As the time of our remembrance of what is variously called The Anti-Sikh Riots, The Delhi Pogroms and The Second Battle of Delhi approaches, it would dishonour our beloved shaheeds to turn our back on these brave people who so much need our help. Perhaps all we can do is raise a big stink. If that is the case, then raise a big stink we shall. As we say about the massacres of 1984, as was written about the Black American experience,

More on India's complicity in this horror in Burma

WHEN ARGUING for a permanent seat on the United Nations Security Council or assuring the Bush administration that India can be trusted with American nuclear technology - even though it has not signed the Nuclear Non-Proliferation Treaty - Indian officials recite the mantra that India is the world's biggest democracy. But India's shameful collaboration with the military junta in Burma that has been arresting and killing Buddhist monks and civilian protesters raises a serious question: Is India betraying its democratic values for the sake of its great-power ambitions?
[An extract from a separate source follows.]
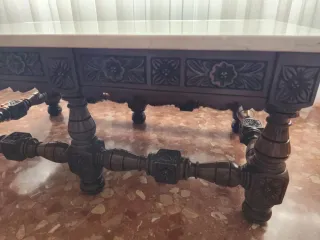 Mesa baja. Tallada madera noble mármol Loscertales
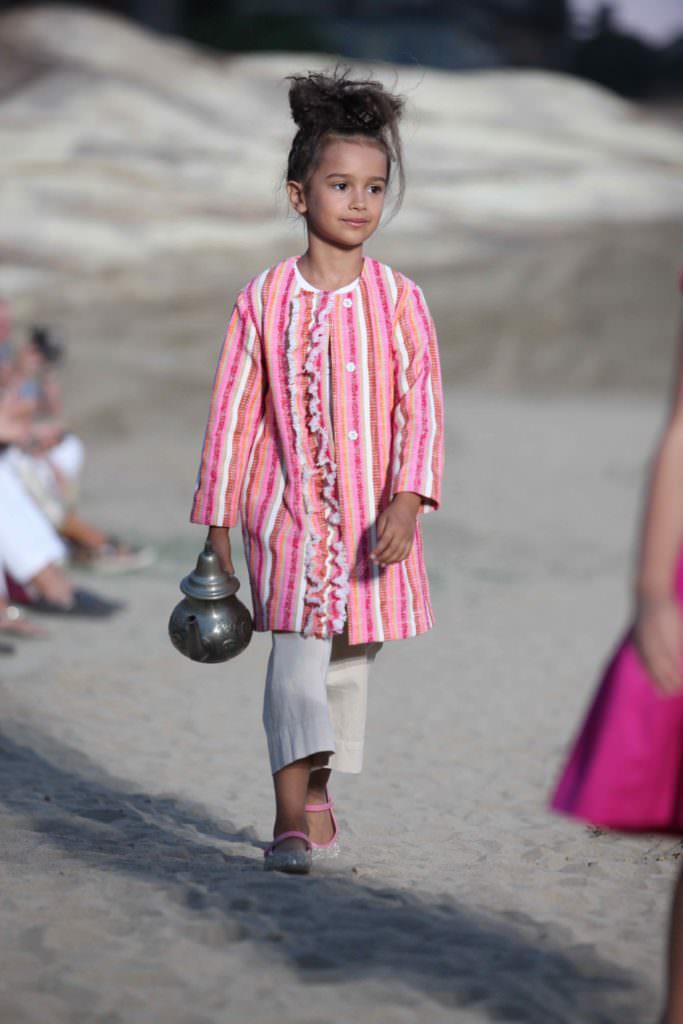 Ethnic touches in a striped dress at Il Gufo for summer 2018 girlswear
There is no mystery about the reasons for India's complicity with the Burmese generals. There are purely commercial motives, a thirst for access to Burma's oil and natural gas reserves. There's a desire to gain the junta's cooperation in crushing insurgent groups that have been crossing from Burma into India's northeast to mount guerrilla operations. But above all, India has abandoned solidarity with Nobel Peace Prize laureate Aung San Suu Kyi and her colleagues because Indian policy makers are obsessed by their strategic competition with China.

There is a tragic dimension to India's practice of realpolitik in its contest with China. Domestically, India is the antithesis of China. The communists in Beijing rule a hierarchical one-party state; India's multiparty system accommodates many disparate interests. The regime in Beijing throws reporters in jail for revealing state secrets if they publish news about high-level appointments before those promotions are officially disclosed. India boasts a diverse and cantankerous free press.

But when India sets out to compete with China in a 21st-century version of the Great Game once played by European colonialist powers, India transforms its outward appearance into a mirror image of China. In Burma, India's betrayal of its ownmost national identity has become an embarrassing spectacle.

India had once been Suu Kyi's most ardent supporter. She lived in India for several years with her late husband; her mother once served as Burma's ambassador to India. And of course Buddhism sprang from India.

But when Human Rights Watch called last week for a Security Council arms embargo on the junta, it named India along with China and Russia as "nations supplying Burma with weapons that the military uses to commit human rights abuses." Human Rights Watch described "a vast array of military hardware" India has supplied to the junta, including artillery, aircraft, tanks, and helicopters for use against minority ethnic groups in border areas and citizen protesters.

In other words, India sells some of the world's most vicious dictators weapons to kill people in Burma who yearn for democracy. This is not the behavior of a true democracy.